When the selected runtime uses kv_cache_strategy="resident", it keeps full-history KV entirely in memory and does not initialize any disk-KV path. When disk-backed strategies are selected, the default path uses an explicit disk-KV store under cache_dir/kv_cache_chunked, with explicit dtype/shape/sequence metadata and raw payloads instead of pickle-backed torch artifacts.

  • kv_cache_strategy="paged" writes to cache_dir/kv_cache_paged and uses an explicit page table.
  • kv_cache_strategy="streamed-segmented" writes to cache_dir/kv_cache_streamed_segmented.
  • kv_cache_strategy="log-structured-journal" writes to cache_dir/kv_cache_log_structured_journal and compacts journal metadata deterministically once the configured entry threshold is reached.
  • kv_cache_strategy="sliding-window-ring-buffer" writes to cache_dir/kv_cache_sliding_window_ring_buffer and retains only the most recent cache_window_tokens cached tokens; older history is evicted under a drop-oldest policy, so this mode deliberately changes runtime semantics.
  • kv_cache_strategy="quantized-cold-tier" writes to cache_dir/kv_cache_quantized_cold_tier and persists colder KV entries in the explicit int8-symmetric-per-tensor representation while dequantizing back to the runtime dtype on load.
  • kv_cache_strategy="tiered-write-back" writes the cold tier to cache_dir/kv_cache_tiered_write_back through a journal-backed append store while keeping a bounded hot tail in memory.

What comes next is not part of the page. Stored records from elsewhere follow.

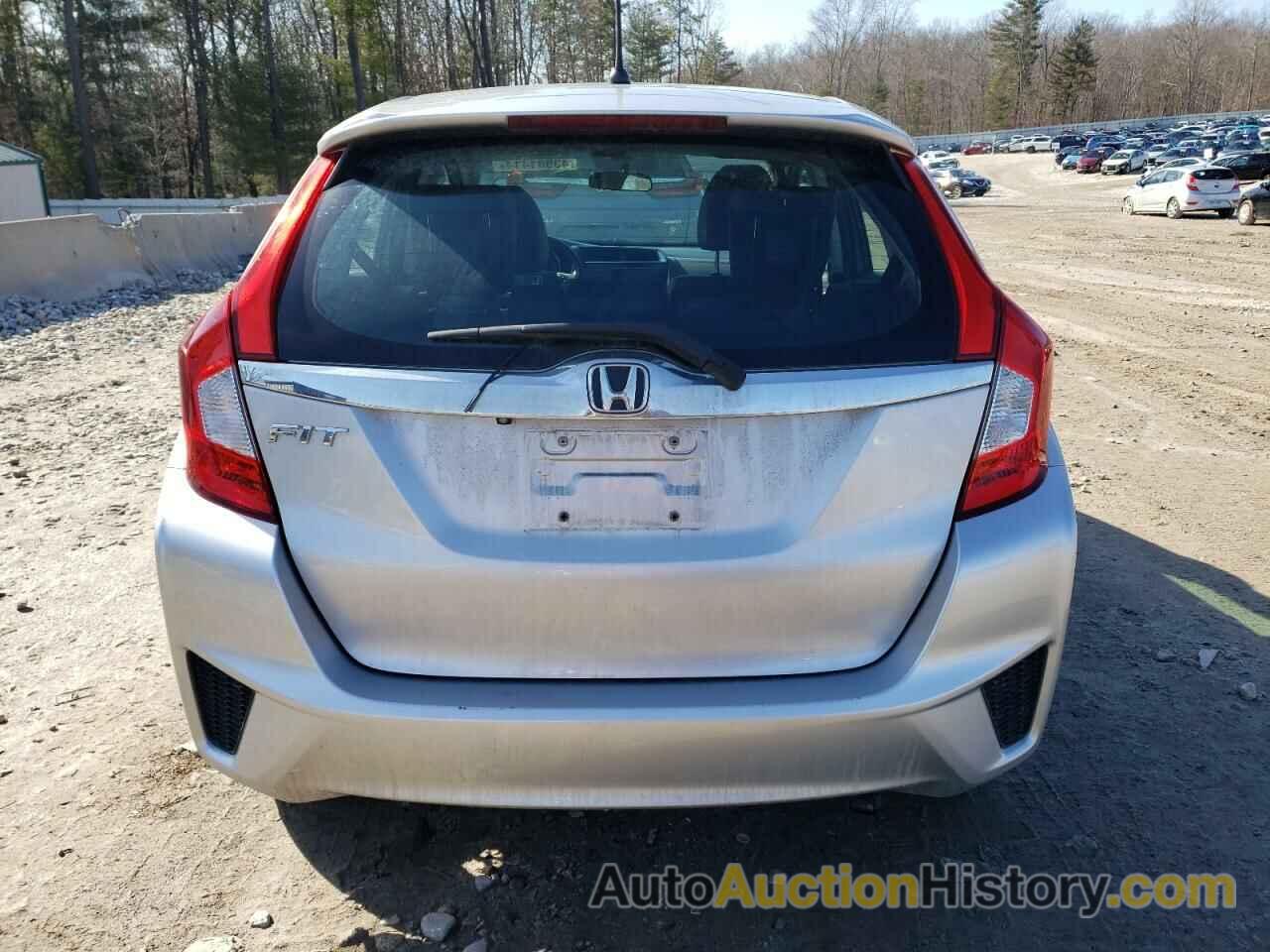 HONDA FIT EX, 3HGGK5H85FM716271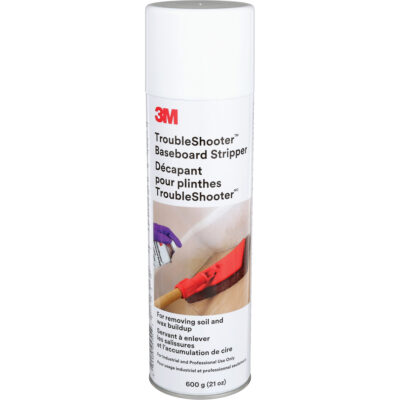 Décapant pour plinthes TroubleShooterMC, 21 oz, Canette aérosol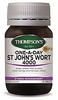 THOMPSONS ONE-A-DAY ST JOHNS WORT 4000mg 30 TABS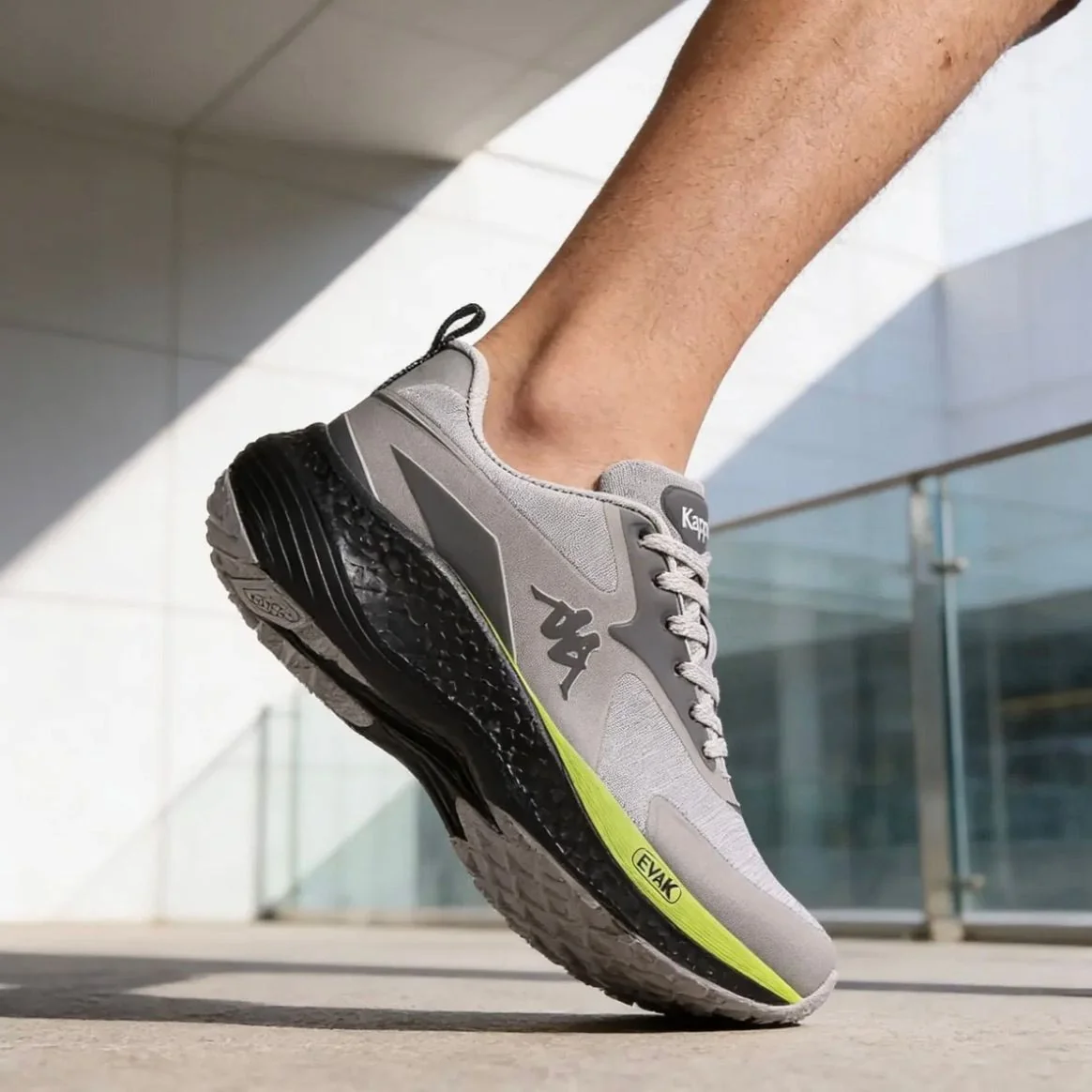 Tênis Kappa Traker Masculino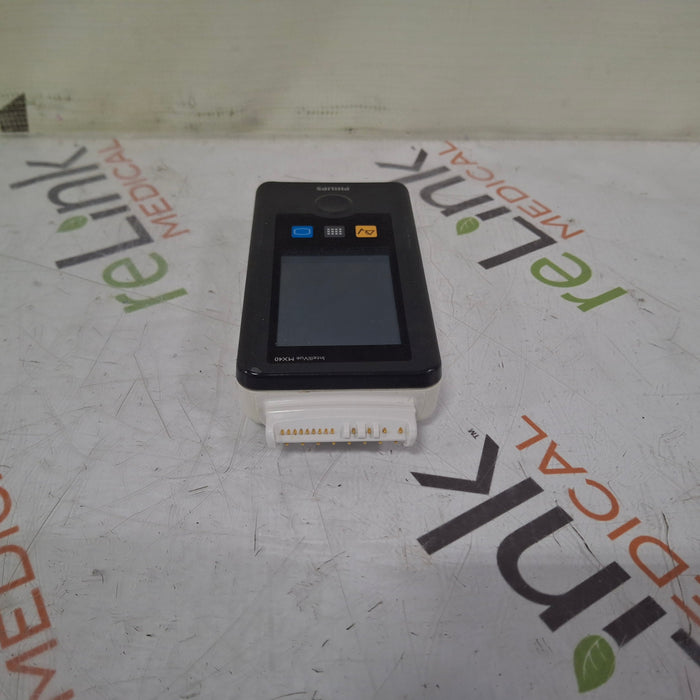 Philips MX40 1.4 ECG/SPO2 865350 Telemetry Transmitter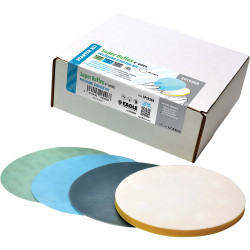 6" Super Buflex No Holes Discs Kit SP19368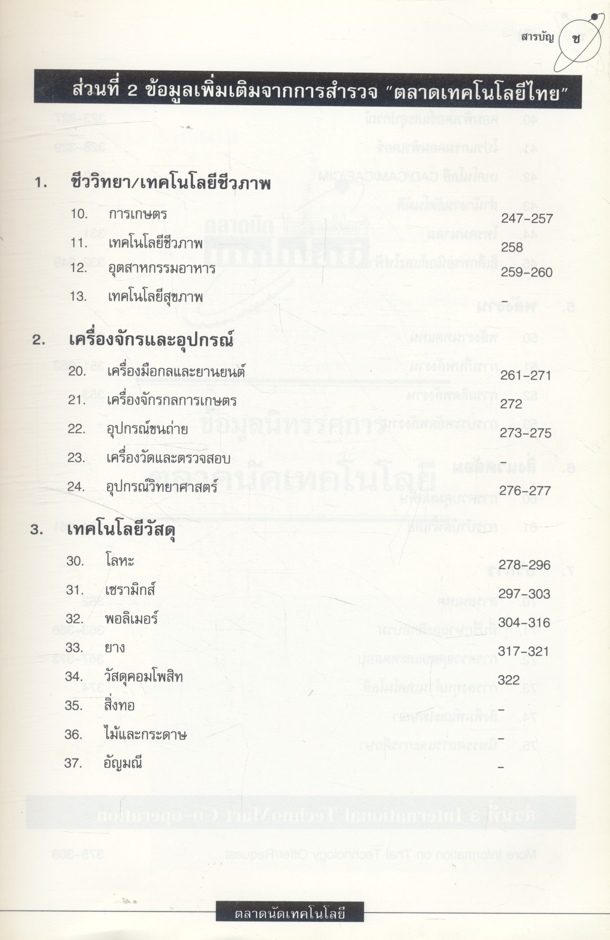 นิทรรศการและการประชุม ตลาดนัดเทคโนโลยี 21-23 เมษายน 2538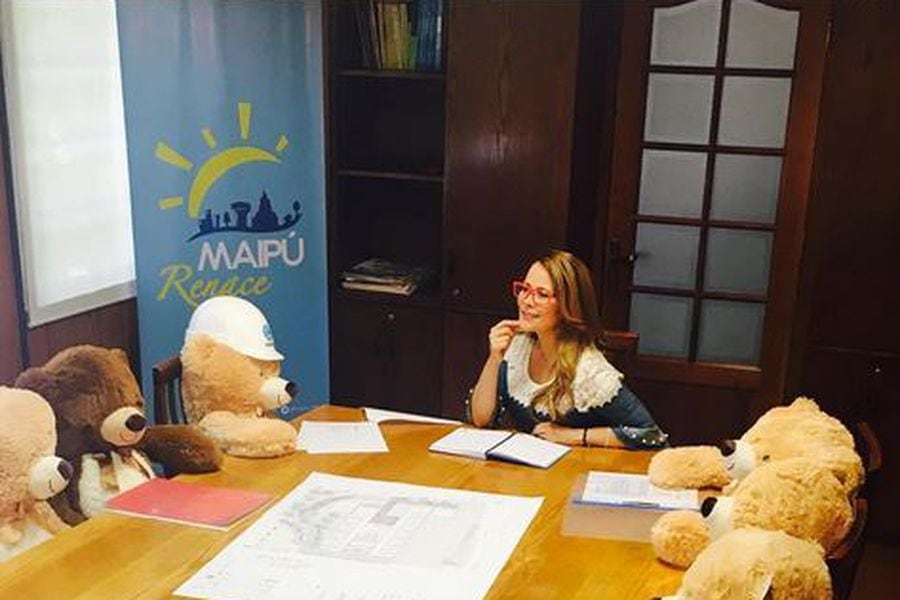 "¿Por qué hacen tanto daño sin saber?": Cathy Barriga se defendió tras denuncia por peluches en Maipú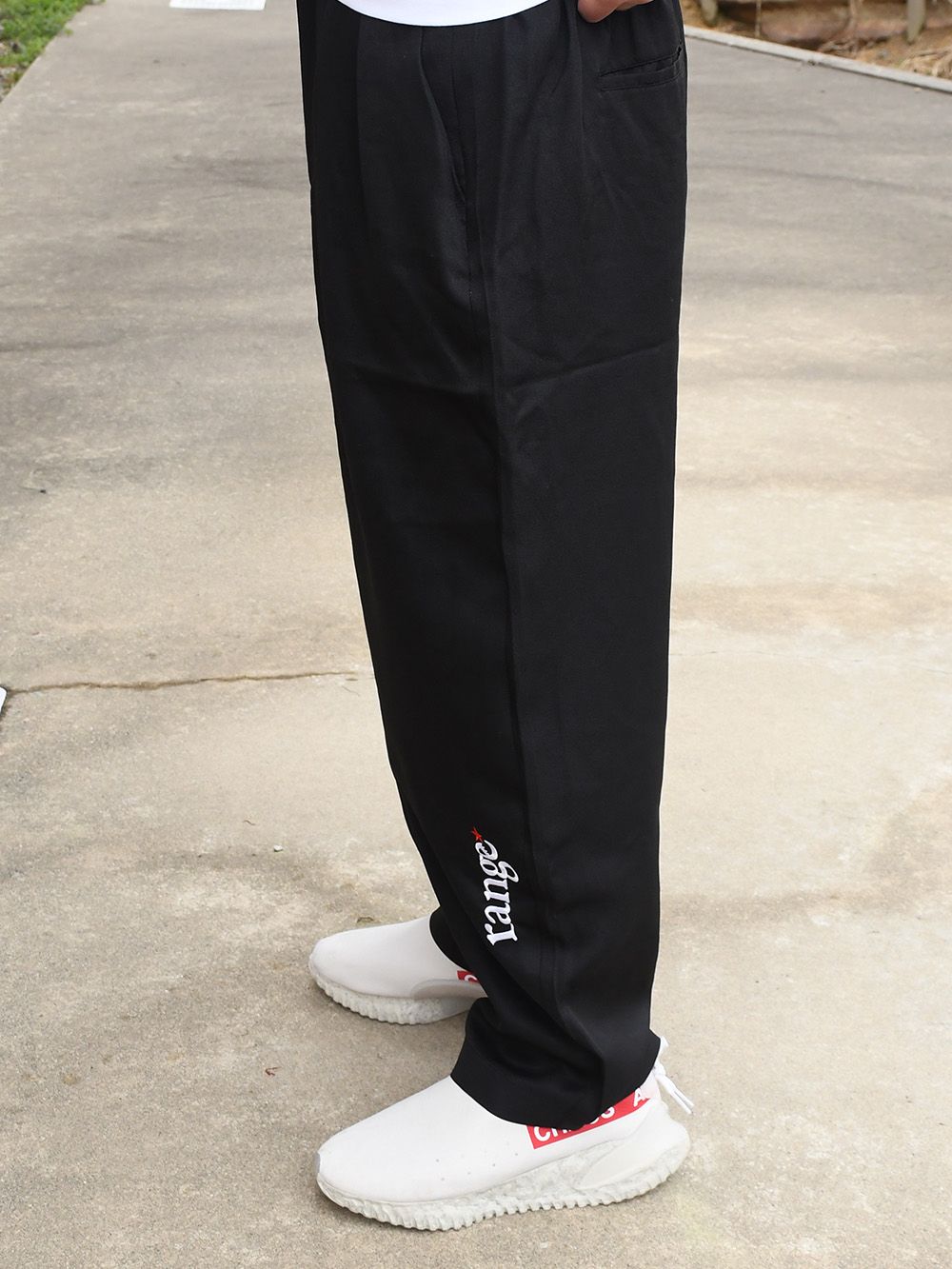 rg balloon wide pant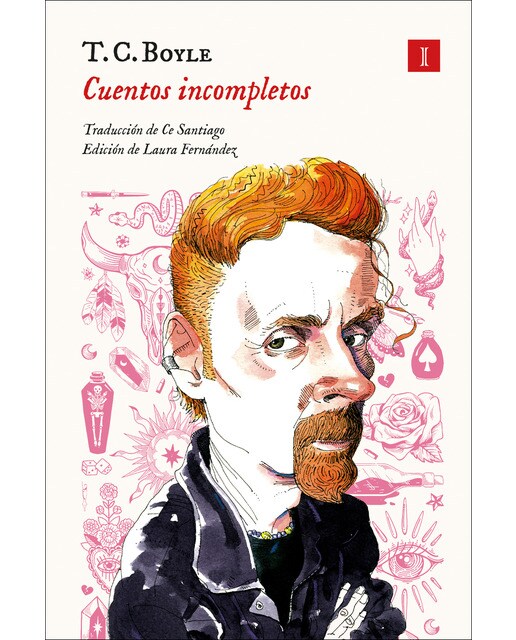 Imagen 0 de Cuentos incompletos  (Tapa blanda con solapas)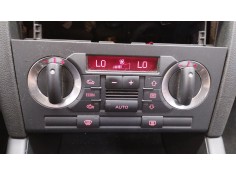 Recambio de mando climatizador para audi a3 (8p1) 1.9 tdi referencia OEM IAM 8P0820043D5PR 8P0820043D 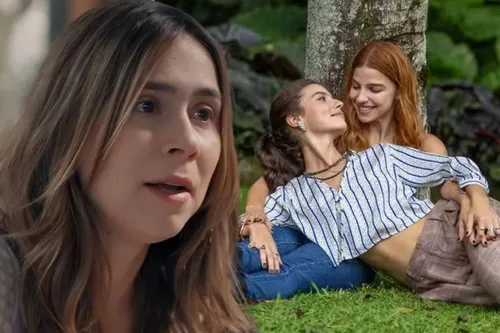 
					Três Graças: Lucélia faz Lorena viver novo inferno e motivo choca
				
				
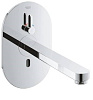 Картинка анонса товара «смеситель для раковины grohe eurosmart cosmopolitan e, хром (36376000)»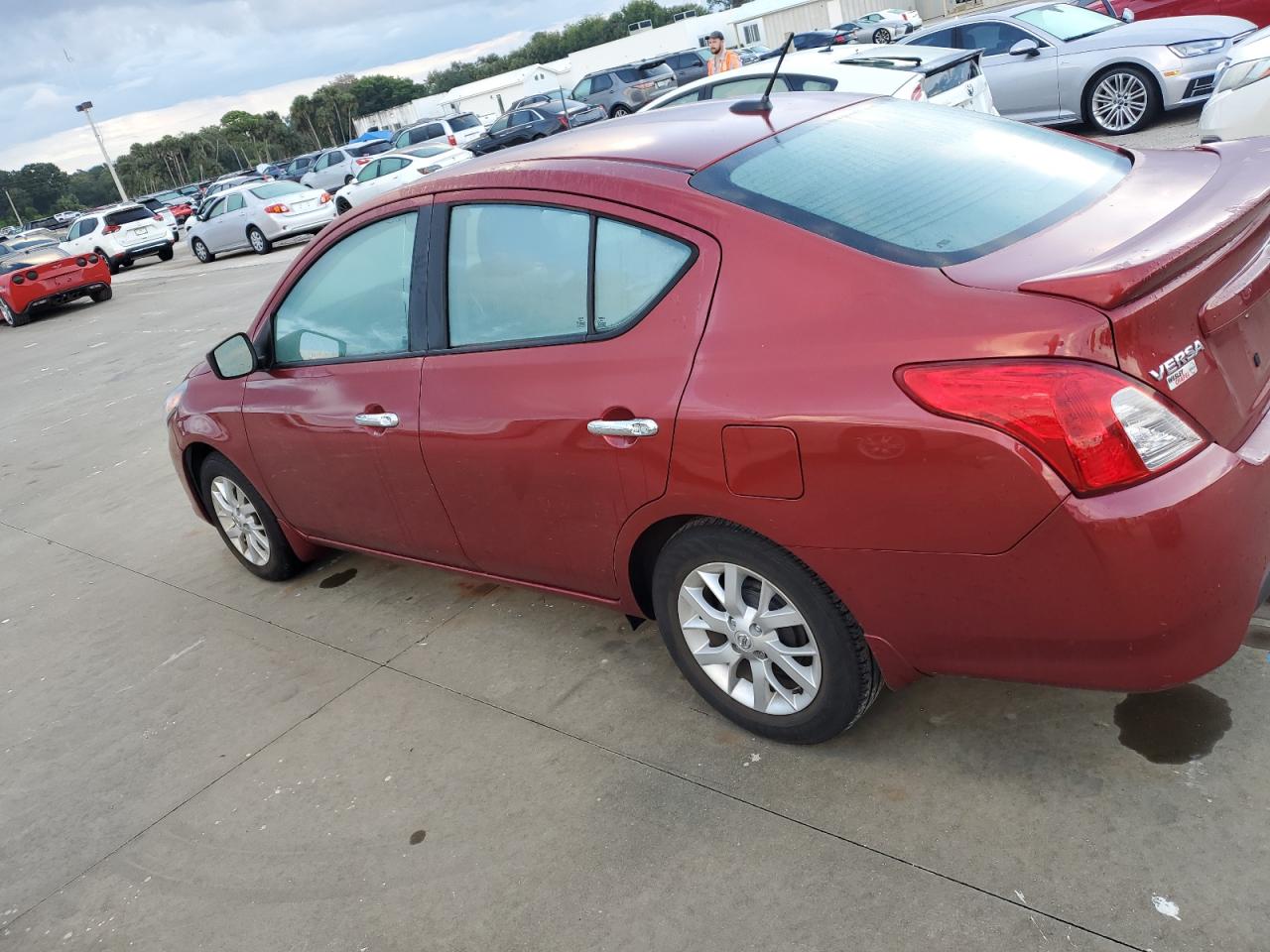 2017 Nissan Versa - Image 2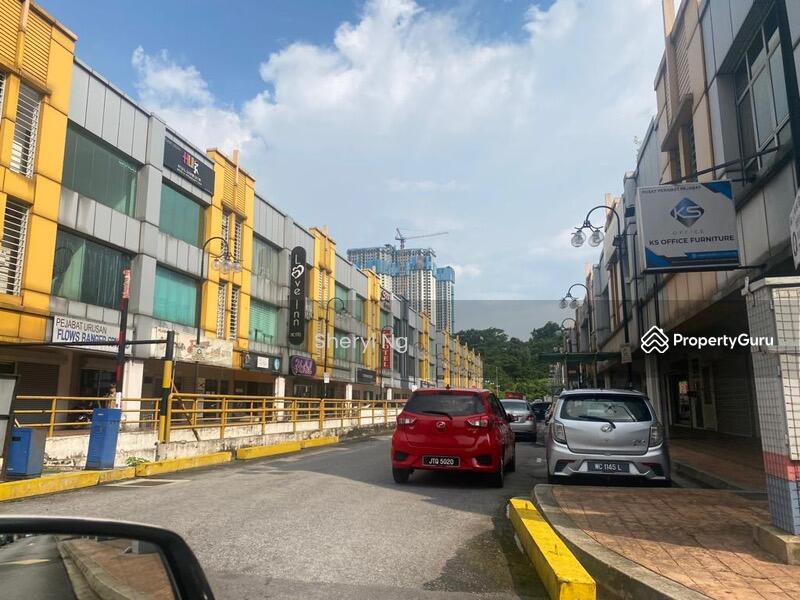 Shop for Sale in Kuchai Business Park (Kuala Lumpur) - Sheryl Ng - PropertyGuru.com.my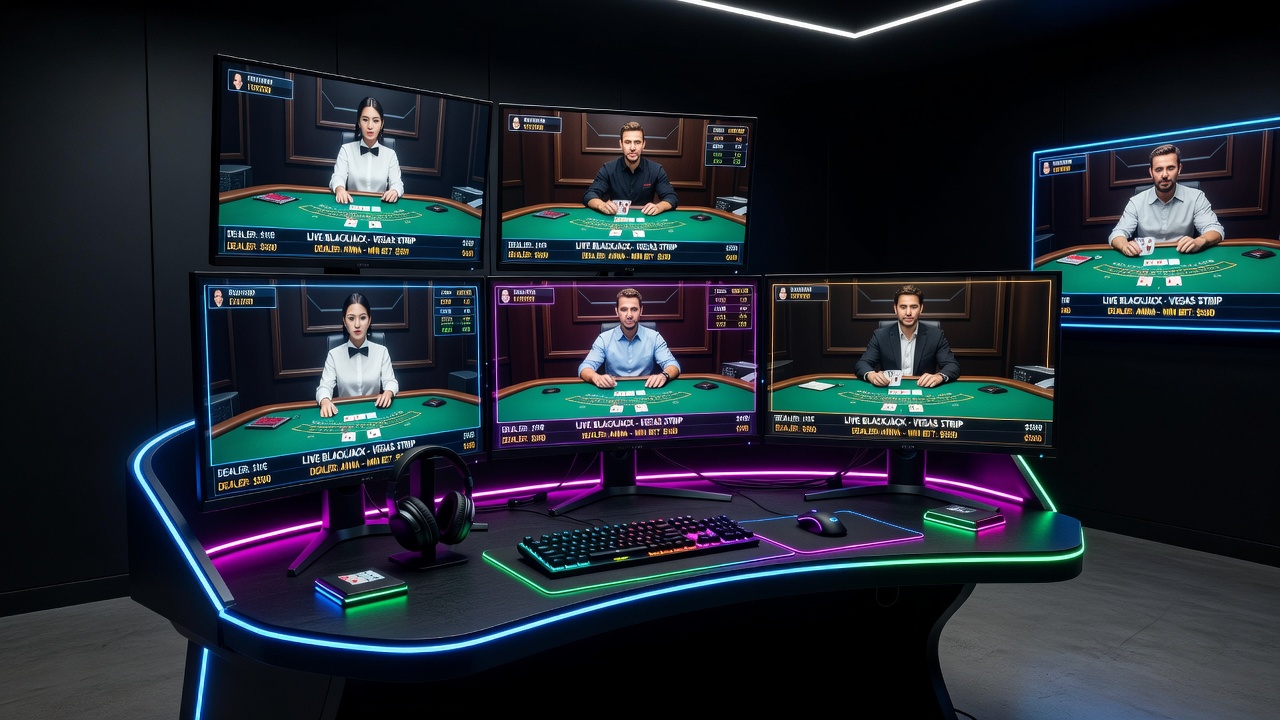 Top Online Blackjack Sites in 2026 - blackjack online real money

The active runtime then applies a platform/resource-aware buffering or spill policy on top of the selected store. Inference.DiskCache() accepts the same switch through cache_strategy=....

Inference.offload_layers_to_cpu() now also accepts an explicit policy=... argument. The current supported CPU placement policies are auto, prefix, suffix, and middle-band, where auto resolves to middle-band. The runtime currently rejects simultaneous CPU and GPU offload requests instead of pretending mixed policy placement is supported.

Typical AutoInference example

from ollm import AutoInference

o = AutoInference(
    "./models/gemma3-12B",
    adapter_dir="./myadapter/checkpoint-20",
    device="cuda:0",
    multimodality=False,
    logging=True,
)